Rhythmen sind verläßlich. Nichts kann sie aus ihrer Ruhe bringen.

Das Kind ist noch nicht in der Lage, fortdauernde neue Reize oder Unbeständigkeiten zu verkraften. Woran soll es sich halten, womit soll es sich verbinden, wenn immer nur flüchtige Eindrücke an ihm vorüberziehen?

Vorbild und Nachahmung


Nachahmend finden sich die Kinder in ihre Umwelt hinein. Sie haben den Drang, ebenfalls das zu tun, was sie rings um sich erleben. Mit Verantwortung sollte darauf gesehen werden, daß das, was in der Umgebung der Kinder geschieht, möglichst nachahmenswert ist. Der Erwachsene wird fraglos als Vorbild angenommen.

Er wirkt nicht nur durch sein Handeln, sondern auch durch seine Gedanken und seine Lebensauffassung.

Trägt er Ehrfurcht vor der Schöpfung in sich, begegnet er den Menschen mit Achtung, ist er fähig Dankbarkeit zu zeigen, so wird das Kind das auch tun.

Rituale


Rituale sollten wir auch zu Hause einhalten und es uns schön und gemütlich machen.
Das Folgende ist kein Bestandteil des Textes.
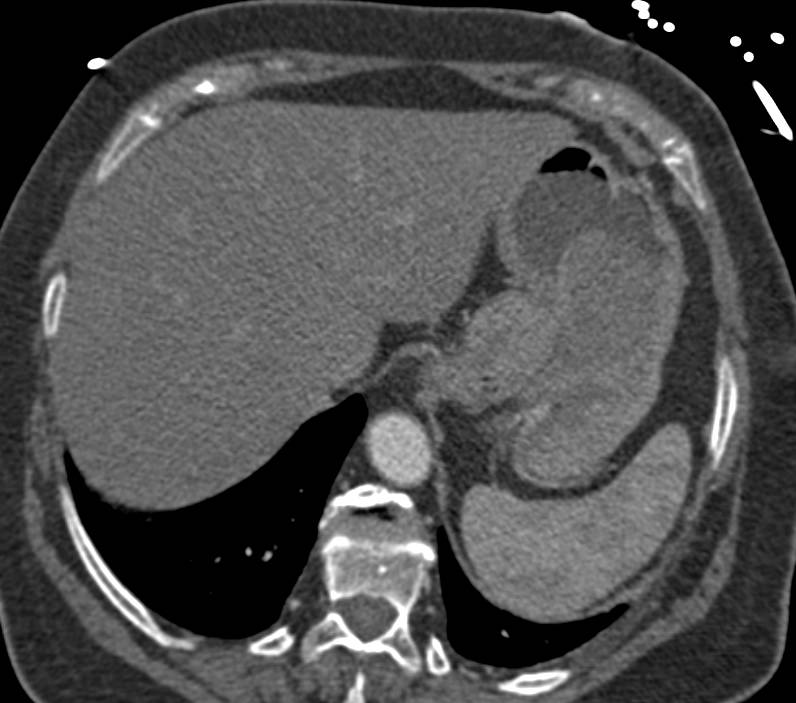 Bulky Gastric Adenocarcinoma in the Fundus Looks Like a GIST - CTisus CT Scan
Für das Kind rundet sich der Tag harmonisch ab, wenn die Mutter, der Vater sich noch ein wenig Zeit für das Zubettbringen nehmen. Es bedeutet den Kindern viel, daß das, was einmal eingeführt wurde, auch möglichst jeden Abend wiederkehrt. Das sanfte Licht einer Kerze, ein Lied, ein Spruch, etwas Musik auf der Kinderharfe, auch eine einfache Geschichte lassen den Tag ausklingen.